I'm reading Computer Systems: A Programmer's Perspective and the homework was to describe how this algorithm works.
C function:
void store_prod(__int128 *dest, int64_t x, int64_t y) {
*dest = x * (__int128)y;
}
Assembly:
movq %rdx, %rax
cqto
movq %rsi, %rcx
sarq $63, %rcx
imulq %rax, %rcx
imulq %rsi, %rdx
addq %rdx, %rcx
mulq %rsi
addq %rcx, %rdx
movq %rax, (%rdi)
movq %rdx, 8(%rdi)
ret
I don't know why it performs: xh * yl + yh * xl = value which we add after unsigned multiplication
What GCC is doing is using the property that signed multiplication can be done using the following formula.
(hi,lo) = unsigned(x*y)
hi -= ((x<0) ? y : 0) + ((y<0) ? x : 0)
Despite the fact that there is no need to do this since in this case the x86-64 instruction set has a signed 64-bit*64-bit to 128-bit instruction (imul with one operand) this formula is useful in other cases. For example for implementing signed 128-bit multiplication with SSE2/AVX2/AVX512 or for implementing 256-bit multiplication when the instruction set only does 128-bit multiplication (such as with x86-64).

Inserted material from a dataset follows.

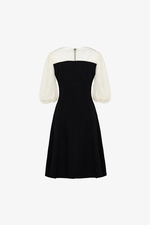 Đầm đen xòe chữ A phối ren kem cổ đính nơ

GCC implemented this formula a bit differently though. If we take the sign bit and extend it to the whole word, call this function sign_ext, then the function returns -1 or 0. Then what GCC did is:
hi += sign_ext(x)*y + sign_ext(y)*x
for example sign_ext(x)*y in pseudo-instructions for 64-bit words is
sarq $63, x ; sign_ext(x)
imulq y, x ; sign_ext(x)*y
So now you ask (or meant to ask):
Why is this formula true?
That's a good qeustion. I asked this same question as well and njuffa wrote
@Zboson: It follows directly from two's complement complement representation. E.g. 32-bit integers
-nand-mare represented as unsigned numbersx=2**32-n, y=2**32-m. If you multiply those you havex*y = 2**64 - 2**32*n - 2**32*m + n*m. The middle terms indicate the necessary corrections to the upper half of the product. Working through a simple example using -1*-1 should prove very instructive.